Jak się uczyć regularnie

Proste zadanie może wcale nie być takie proste

 
Każda szanująca się osoba mająca bzika na punkcie produktywności i zarządzania czasem wie, że jedną z technik wprowadzania nowego nawyku do życia codziennego jest zminimalizowanie kłopotów, z jakimi możemy się spotkać przed rozpoczęciem pożądanej czynności. Jeśli więc chcemy zacząć rano biegać, wieczorem powinniśmy przygotować sobie strój i buty. Jeżeli uznaliśmy, że jesteśmy w stanie wygospodarować rano dodatkowe 15 minut na naukę języka obcego, gdy przyjdzie do powtarzania słówek i gramatyki, książka powinna leżeć gotowa do użycia. Oczywiście mogę mówić tylko w swoim imieniu, jednak będąc kimś, kto regularnie ćwiczy i stara się w miarę możliwości zwiększać zakres swojej wiedzy językowej, mogę powiedzieć – powyższa technika to za mało.
 
Nawyk nie wyskoczy jak diabeł z pudełka
 
Często o tym wspominam – mózg człowieka uwielbia przyzwyczajenia. Pozwalają mu one zminimalizować ilość decyzji podejmowanych w ciągu dnia, a co za tym idzie – zaoszczędzić energię. Kiedy więc widzi obraz mu nowy i zupełnie obcy (książkę na biurku czy buty przy łóżku), wymagający dodatkowej decyzji (wykonać czy nie) i wysiłku (aaaa!), niekoniecznie będzie z tego tytułu zadowolony. Najchętniej ograniczyłby się do starych schematów niewymagających dodatkowego wkładu. W końcu połowa naszych codziennych zachowań to wypracowane przez nas (bardziej lub mniej świadomie) rutyny i nawyki. Koniec końców, wszystko co nie jest przyjemne i nie jest elementem dotychczasowego planu działania, ma bardzo małe szanse powodzenia.

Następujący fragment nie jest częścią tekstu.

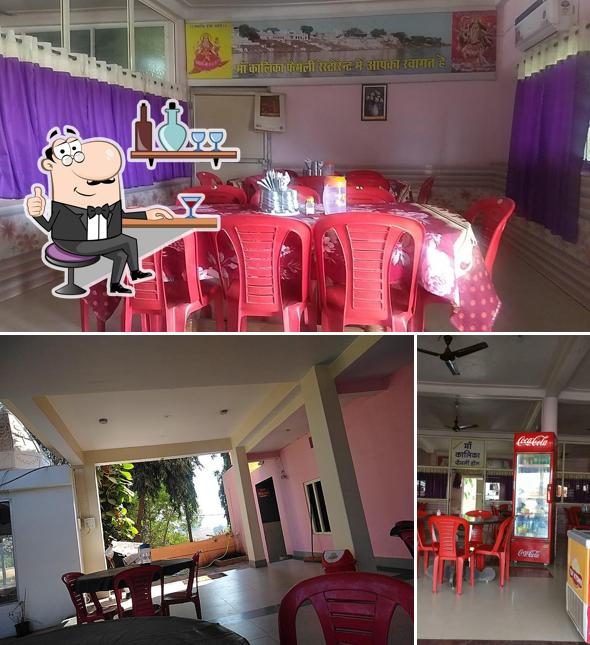 The interior of MAA KALIKA HOTEL AND RESTAURANT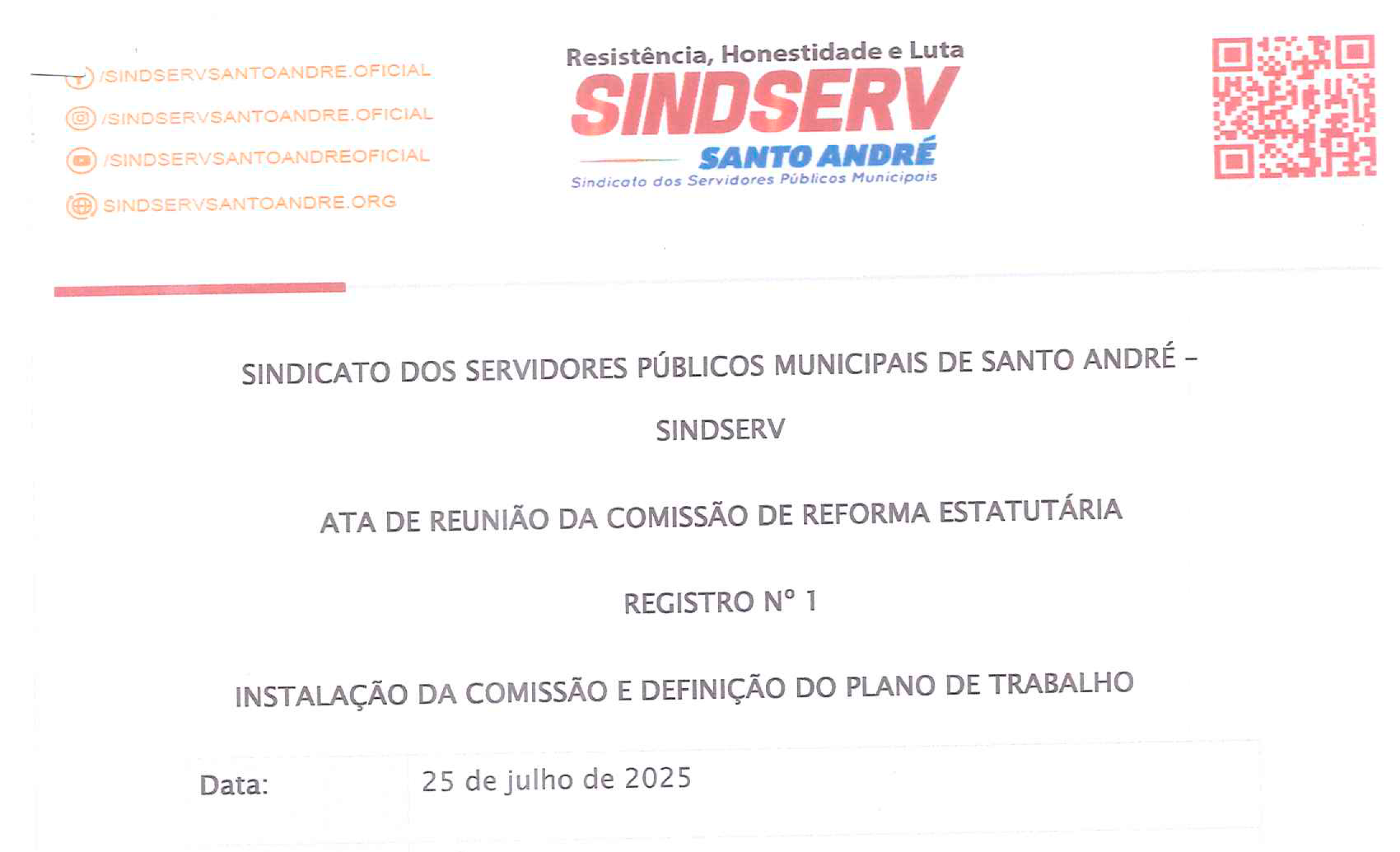 Imagem de Reunião aprova criação da Comissão de Reforma Estatutária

Co więc z tymi butami przy łóżku? Całe „śmigło”.
 
Zastąpienie lub przyłączenie
 
Pozostaje pytanie jak oszukać swój własny umysł. Otóż „akuku”, „eureka” i inne adekwatne do tej sytuacji wykrzyknienia – poprzez przyłączenie nowego nawyku do już istniejącego lub zastąpienie starego nowym. Zamiast więc całkowicie odstawiać kofeinę, warto zastanowić się nad piciem rano herbaty, a słuchanie audiobooków przyjdzie o wiele łatwiej, gdy połączymy je z jazdą samochodem w drodze do pracy. Tą samą technikę nie trudno przełożyć na regularną naukę. Wybierając audiobooki szukajmy anglojęzycznych, a 10 minut, które dotąd poświęcaliśmy jedynie na wypicie kawy, można wykorzystać do krótkiego powtórzenia materiału przy pomocy fiszek. Jedno działanie zasugeruje drugie, a mając taki „trigger” (ang. wyzwalacz) mózg dostanie sygnał do działania i będzie stawiał mniejszy opór przed wprowadzeniem nowego nawyku 😉 Reasumując, szukamy jednego już wyrobionego nawyku i traktujemy jako bazę, która doprowadzi do nowego – pożądanego.
 
Rodzaje wyzwalaczy
 
Oczywiście wszyscy mamy różne style życia i każdy z nas musi indywidualnie rozpoznać wzory, jakie pojawiają się w jego codzienności. Wyżej wspomniane przykłady mogą być użyteczne dla jednych, a kompletnie niewykonalne dla innych. Lekarz pracujący na zmiany w szpitalu nie będzie dysponował takim samym harmonogramem, co student administracji. Dla pierwszego „trigerrem”, jeśli spędza on regularnie czas za kierownicą, mogą być korki i powtarzanie wyrażeń na kartkach przyklejonych do schowka nad głową. Student z kolei mógłby rozważyć położenie zestawu fiszek obok opakowania płatków śniadaniowych, po które sięga rano. Dla mnie jest to akurat zmywanie naczyń i szafka w kuchni, na której przykleiłam karteczki ze słówkami. Koniec końców, jest to sprawa bardzo indywidualna, choć warto mieć na uwadze, że do najlepszych „wyzwalaczy” najczęściej należą:regularnie  odwiedzane miejsca (np. samochód, stół w kuchni, lustro w łazience, szafka w kuchni), konkretne pory dnia (np. rano zaraz po przebudzeniu) lub wykonywane regularnie inne czynności (kawa, śniadanie, jazda samochodem, spacer, mycie zębów).
 
LEKCJA: Nowe nawyki najłatwiej wyrabiać przyłączając je do starszych, lub zamieniają jedne na drugie. W momencie, gdy potraktujemy stary nawyk jako „wyzwalacz” (ang. trigger), wyrobienie drugiego stanie się o wiele prostsze, ponieważ nie będziemy wprowadzać nowego wzoru do naszej codzienności, a jedynie odrobinę wzbogacimy ten wcześniej utarty.